Much like the "We Card" program of the Coalition for Responsible Tobacco Retailing and other industry-backed youth programs over the past 15 years, the campaign by the National Association of Convenience Stores is a rehash of old ideas that don't work. The programs lack meaningful enforcement mechanisms and incentives for retailers to comply with minimum-age laws. The campaign also does a good job of passing the buck by establishing penalties for employees, rather than employers, who allow minors to make illegal purchases.
Linked to the plan by convenience store owners is model state legislation that mandates employee training but restricts government sting operations that would check on the quality of that training. They would allow only the police to conduct random inspections to verify employee compliance with the law.

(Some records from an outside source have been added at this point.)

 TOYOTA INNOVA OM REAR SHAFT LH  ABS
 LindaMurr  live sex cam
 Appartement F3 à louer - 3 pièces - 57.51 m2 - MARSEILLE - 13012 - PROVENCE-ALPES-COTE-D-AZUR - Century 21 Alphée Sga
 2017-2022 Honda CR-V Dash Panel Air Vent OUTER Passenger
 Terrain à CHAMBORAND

Health organizations have a better approach that is consistently opposed by the tobacco industry and retailers. Health groups argue that any effective measure must include regular checks by a government agency to ensure compliance with minimum-age laws; removal of vending machines; mandated fines of store owners for selling to minors; and revocation of licenses for repeat violators.

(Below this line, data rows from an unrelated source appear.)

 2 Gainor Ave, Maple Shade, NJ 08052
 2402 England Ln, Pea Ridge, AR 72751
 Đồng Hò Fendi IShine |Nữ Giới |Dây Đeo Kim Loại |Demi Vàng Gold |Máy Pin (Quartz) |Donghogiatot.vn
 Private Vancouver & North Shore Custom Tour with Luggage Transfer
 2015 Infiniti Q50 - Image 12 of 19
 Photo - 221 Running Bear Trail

AS for the tobacco industry, Philip Morris has been trying to peddle a youth antismoking campaign of its own, but it wants the FDA to agree it will never regulate tobacco, as it does drugs. Because the tobacco industry sells the only consumer product that isn't required to meet health and safety standards, it escapes any federal restrictions on the content of its cigarettes and smokeless tobacco products.

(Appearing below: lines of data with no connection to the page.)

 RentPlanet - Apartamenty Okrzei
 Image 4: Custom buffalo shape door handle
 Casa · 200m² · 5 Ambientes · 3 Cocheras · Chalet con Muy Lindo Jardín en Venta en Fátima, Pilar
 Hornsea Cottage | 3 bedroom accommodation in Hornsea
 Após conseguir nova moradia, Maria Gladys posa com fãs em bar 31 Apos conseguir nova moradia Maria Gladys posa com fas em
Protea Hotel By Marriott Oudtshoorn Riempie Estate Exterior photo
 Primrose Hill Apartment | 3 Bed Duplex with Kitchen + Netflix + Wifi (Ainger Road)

The Philip Morris proposal sounds good - a ban on mail-order sales and the distribution of free samples to consumers and removal of vending machines - until you look at the gaping loopholes. It continues to allow the use of the Marlboro Man and Joe Camel ads which kids find so appealing, and the cigarette company continues to sponsor sporting events. One recent study found cigarette advertising has three times the impact on youngsters than it does on adults. Marlboro claims 60 percent of the youth market, compared with only 22 percent of the adult market.
It's been one year since the FDA proposed putting restrictions on tobacco advertising aimed at minors and to ban all vending machine and mail order sales. It would ban outdoor advertising within 1,000 feet of schools and playgrounds; restrict ads with large youth readership to black-and-white text only; and ban the distribution of clothing and other items, such as baseball caps, that carry tobacco logos. Mr. Clinton has now taken action on these proposals.
Each day, 3,000 children become smokers and the numbers keep rising. The tobacco companies and convenience stores, which boast 20 million tobacco transactions a day, must continue their efforts to stop teens from smoking. Ninety percent of new smokers begin as youths. That is the most important battle being fought in the tobacco wars - the battle for the youth market.
Tobacco companies know if they win that battle, they will have defeated the antitobacco forces and will have gained another generation of addicted smokers. We must win the war by restricting the tobacco companies' ability to enlist new troops: America's children.
*William D. Novelli is president of the Campaign for Tobacco-Free Kids in Washington.